Communication is easily disrupted within a traditional corporate hierarchy. It’s like a misguided game of telephone. By the time communication about performance makes it to the other end, if it even does, it’s been filtered and possibly altered to the point where key information isn’t delivered.
You see, not everyone recognizes achievements the same way within the hierarchy. CEOs define success in terms of revenue and money. Knowing that, VPs focus on numbers and justifying decisions. Managers worry about costs while trying to make sure the team is strong enough to accomplish goals. Supervisors want to make sure the team performs well, and so on.
The typical top-down recognition needs to change, and in its place should be a more timely, peer-to-peer recognition program.
Here are a few ways your organization can shift from a top-down recognition program to a more personal and effective one.
1. Make it a peer-managed program.
When placed in the hands of employees, recognition becomes a lot more timely, relevant, and less goes unnoticed.
This is particularly true as we enter an age with millennial workforce. Millennials are used to getting the information they need fast. They don’t want to wait around for the traditional annual performance review, according to The Pew Research Center. They value frequent, relevant feedback.
Implement a peer-managed recognition program in your workplace. Make it a rewards-based system so employees will feel encouraged to give feedback frequently.
2. Encourage employees to notice the small wins.
Too often, small accomplishments are missed when looking at the big picture. Sometimes victories are defined by small wins and excellence lies in the details of what happens to accomplish a goal. Those moments are only celebrated in a workplace culture where peers are empowered to recognize one another as they directly work alongside one another.
As you empower employees to recognize one another for their contribution, encourage them to notice the little things. Start by setting an example and post a public thank you for a few small favors you see employees doing. Your employees might catch on right away, or they might need you to point out the value in noticing the small wins.
3. Make it digital.
You could choose to have employees hand-write thank you notes to each other, but what is the likelihood your employees will actually take the time to do that? Handwriting notes can be time-consuming and viewed as extra work, so recognition might not be given as frequent or timely as you had hoped. Instead, take a more modern approach. Use a digital communication platform everyone has access to. Giving recognition will be as simple as sending a text message or quick email.

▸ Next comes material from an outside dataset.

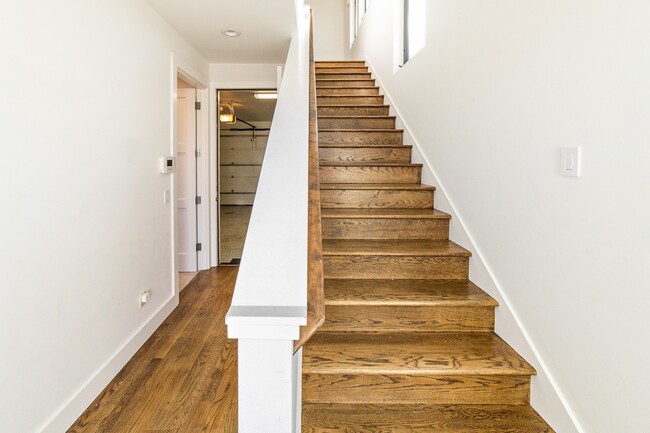 Foto del edificio - Beautiful Brookside SMART HOME now available!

4. Make it as convenient as mobile.
A study by Pew found 29 percent of cell phone users feel their phone is something they cannot live without. Its convenience to send and retrieve information plays a big role in this. Survey respondents said their phones make the following tasks much easier: 65 percent keep in touch with people, 28 percent plan and schedule their daily routine, and 26 percent to be productive while waiting in traffic or in line.
Convenience is everything in a fast-paced workplace. Use a mobile-enabled platform to ensure employees will carry out your new recognition program. It will be one more mobile update they’ll easily find time to squeeze into their day.
5. Make it trendy like social media.
How many times do you catch your employees updating Facebook statuses at work? The use of social media on mobile is growing. In fact, 30 percent of mobile users aged 25 and older use social media on their phones.
To further encourage peer recognition, use a platform that mimics social media. A platform like this would allow you and your employees to set up profiles and share recognition statements similar to posting a Facebook status. Additionally, some of these platforms allow you to tag core company values in the update for categorization. Then, at the end of the month, you can check to see which employees were tagged the most with specific qualities, enabling you to see strengths and areas of opportunity among your team.
Most importantly, these strategies point out highlights seen from all employees in the company and multiple perspectives rather than just one perspective from distant upper management. The top-down recognition system pales in comparison to what a more personalized recognition strategy could do for your company. To make the shift, look at how digital and social communication impact people and follow those trends to have a happier, more engaged team. What are some other strategies to help your company shift from a top-down recognition program to a more personalized one?